Heat stress can also reduce fine motor performance, decision-making, productivity, and safety margins — important for construction crews, roofers, athletes, event staff, field teams, drone crews, and outdoor operations.

Changing Climate Context

Heat is becoming an operational planning problem.

As heat and humidity extremes become more frequent, WBGT becomes more valuable for scheduling work/rest cycles, documenting conditions, planning safer outdoor windows, and communicating risk before people become symptomatic.

WBGT focuses on body stress from multiple environmental factors, not simply the forecast high temperature, which is why it is used in occupational, military, athletics, and weather-safety contexts.

Practical Use Cases

Where WBGT adds value.

Outdoor Event Heat Plan

High humidity, full sun, and light wind can require shaded rest stations, hydration reminders, medical staffing, schedule changes, and activity breaks even if the air temperature alone does not look extreme.

Construction / Roofing Operations

Roofing, paving, and construction add metabolic heat, radiant heat, equipment, PPE, and limited shade. WBGT helps determine when to reduce pace, rotate crews, shift work earlier, or increase break frequency.

Athletics and Field Work

WBGT is useful for sports, military, and occupational settings because it gives a more complete view of exertional heat stress in direct sunlight than heat index alone.

Heat Index vs. WBGT

Heat Index tells you how hot it feels. WBGT better estimates outdoor heat stress.

Both tools are useful, but they answer different questions. Heat Index is designed around air temperature and humidity in shaded, light-wind conditions. WBGT adds more of the real outdoor exposure picture by accounting for temperature, humidity, wind, sun angle, and solar radiation.

Heat Index

Best for public “feels-like” heat messaging.

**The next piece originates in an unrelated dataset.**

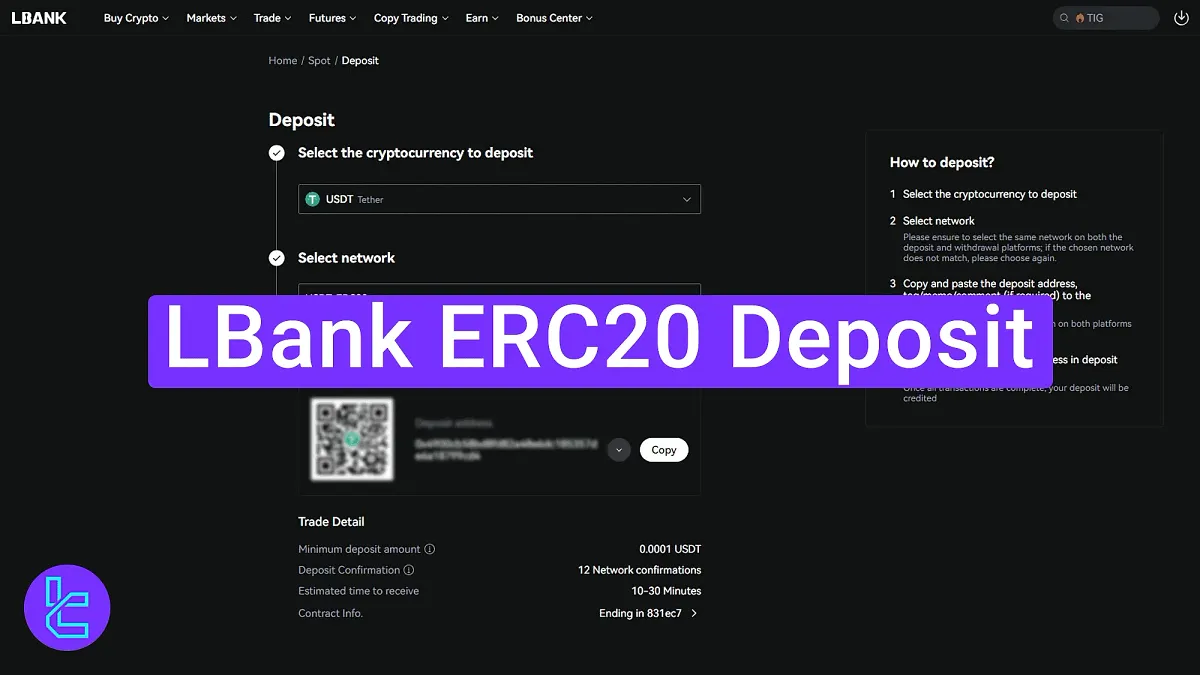 LBank ERC20 Deposit 2025 [Minimum Top-Up Amount 0.0001 USDT]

Heat Index combines air temperature and relative humidity to estimate how hot it feels to the human body. It is useful for general public communication, but it does not directly include direct sunlight, changing wind, workload, clothing/PPE, or radiant heat from surfaces.

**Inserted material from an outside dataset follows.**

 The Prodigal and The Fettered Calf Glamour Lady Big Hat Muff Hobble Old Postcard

Use it for: general public heat awareness, forecast messaging, and shaded-condition heat communication.

WBGT

Better for work, sports, events, and direct-sun decisions.

Wet Bulb Globe Temperature is built around heat stress. It better reflects the environmental load on the body because it considers humidity, wind, solar radiation, and radiant heating — the factors that influence how efficiently sweat can evaporate and how fast the body gains or loses heat.

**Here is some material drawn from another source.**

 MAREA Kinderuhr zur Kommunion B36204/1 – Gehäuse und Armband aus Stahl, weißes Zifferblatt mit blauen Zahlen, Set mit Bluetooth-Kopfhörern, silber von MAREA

Use it for: outdoor labor, athletics, field operations, drone crews, construction, roofing, event planning, and direct-sun activity decisions.

Why WBGT is often the better operational measurement

WBGT connects the weather to the body’s cooling system.

When the body is under heat stress, it relies heavily on sweat evaporation and blood flow to the skin. High humidity slows evaporation. Strong sun and hot surfaces add radiant heat. Low wind reduces cooling. Heavy work and PPE add internal heat. WBGT captures more of those stressors than Heat Index, which is why it is widely used in occupational, athletic, military, and outdoor safety settings.

In a warmer climate with more frequent high-heat and high-humidity days, WBGT is valuable because it helps organizations move from “it will be hot” to specific decisions: modify schedules, add shade, increase breaks, rotate crews, reduce intensity, monitor symptoms, or postpone activities.

Trusted Heat-Safety Sources

Official and scientific references.

Use these sources for deeper guidance, formal heat programs, and occupational/safety planning.

Important: WBGT guidance is not medical advice and does not replace a formal OSHA/NIOSH heat illness prevention program, athletic trainer guidance, medical direction, or site-specific safety plan. Individual risk varies by acclimatization, workload, hydration, medication, age, medical history, clothing/PPE, shade, and direct sunlight.